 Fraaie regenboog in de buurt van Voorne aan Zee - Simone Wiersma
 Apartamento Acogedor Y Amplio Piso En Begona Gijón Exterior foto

····················

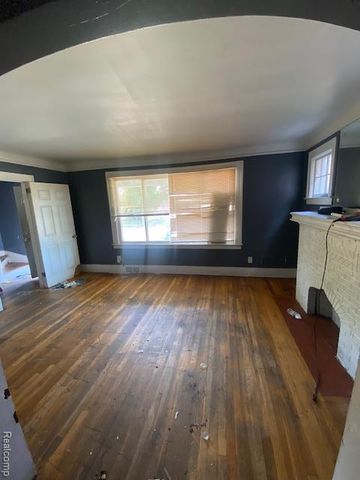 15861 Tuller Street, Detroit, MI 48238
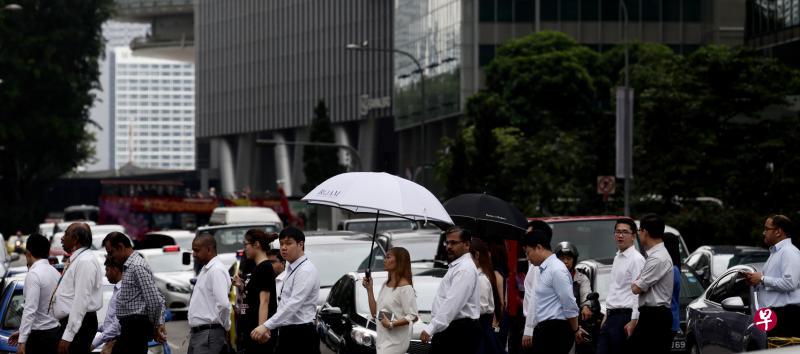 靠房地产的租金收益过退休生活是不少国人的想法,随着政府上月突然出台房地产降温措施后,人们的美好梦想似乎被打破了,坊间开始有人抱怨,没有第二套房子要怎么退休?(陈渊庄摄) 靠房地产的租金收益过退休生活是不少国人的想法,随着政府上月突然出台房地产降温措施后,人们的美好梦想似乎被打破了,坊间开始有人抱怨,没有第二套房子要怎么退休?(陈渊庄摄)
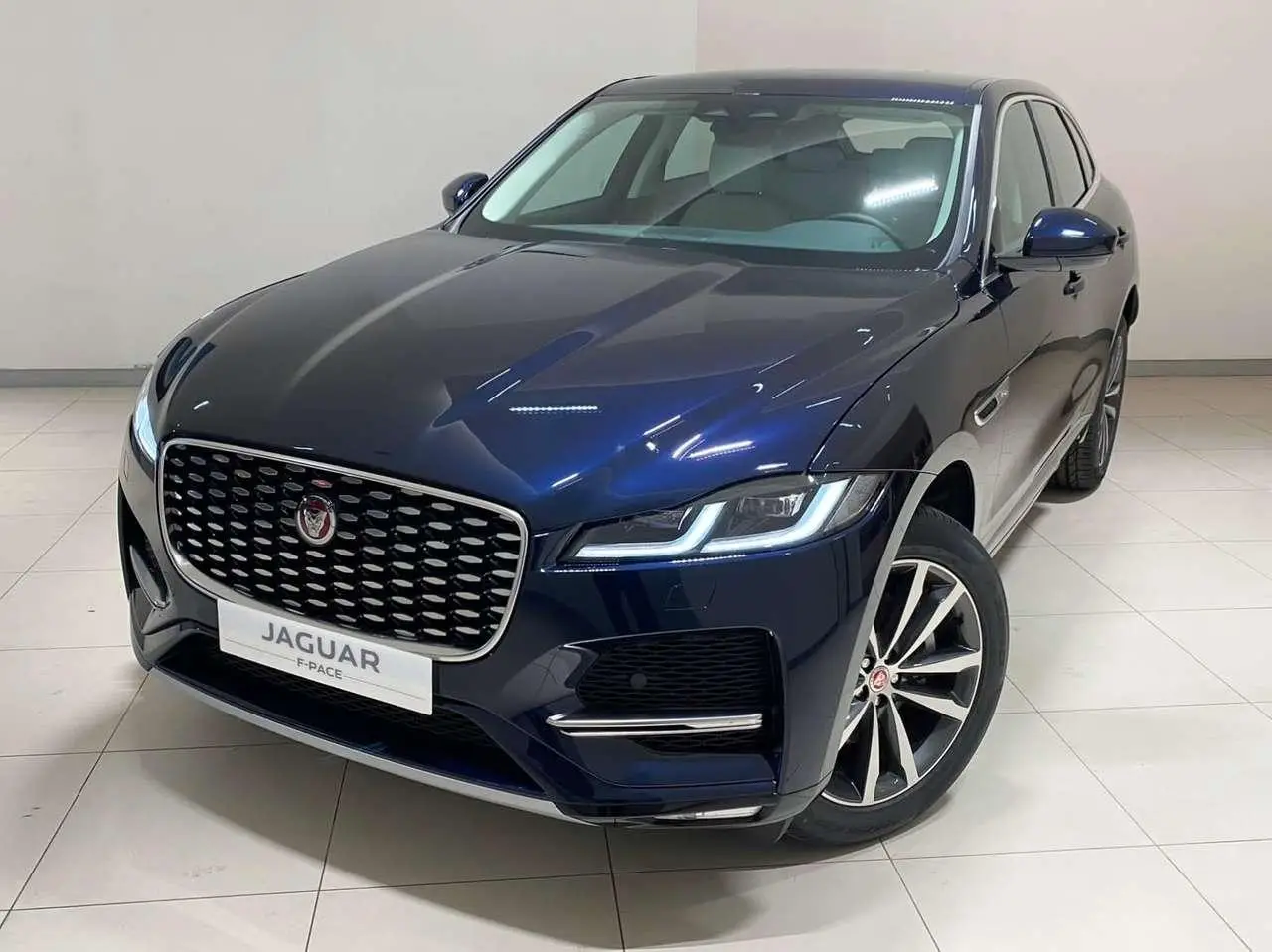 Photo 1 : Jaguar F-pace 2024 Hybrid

····················

WORK TO BE COMPLETED:
Copy out precisely the lines from the line with "Fraaie regenboog in" to the line with "Apartamento Acogedor Y" in the material above, including those two lines and omitting all the rest.

ANSWER FOR THE TASK:
 Fraaie regenboog in de buurt van Voorne aan Zee - Simone Wiersma
 Apartamento Acogedor Y Amplio Piso En Begona Gijón Exterior foto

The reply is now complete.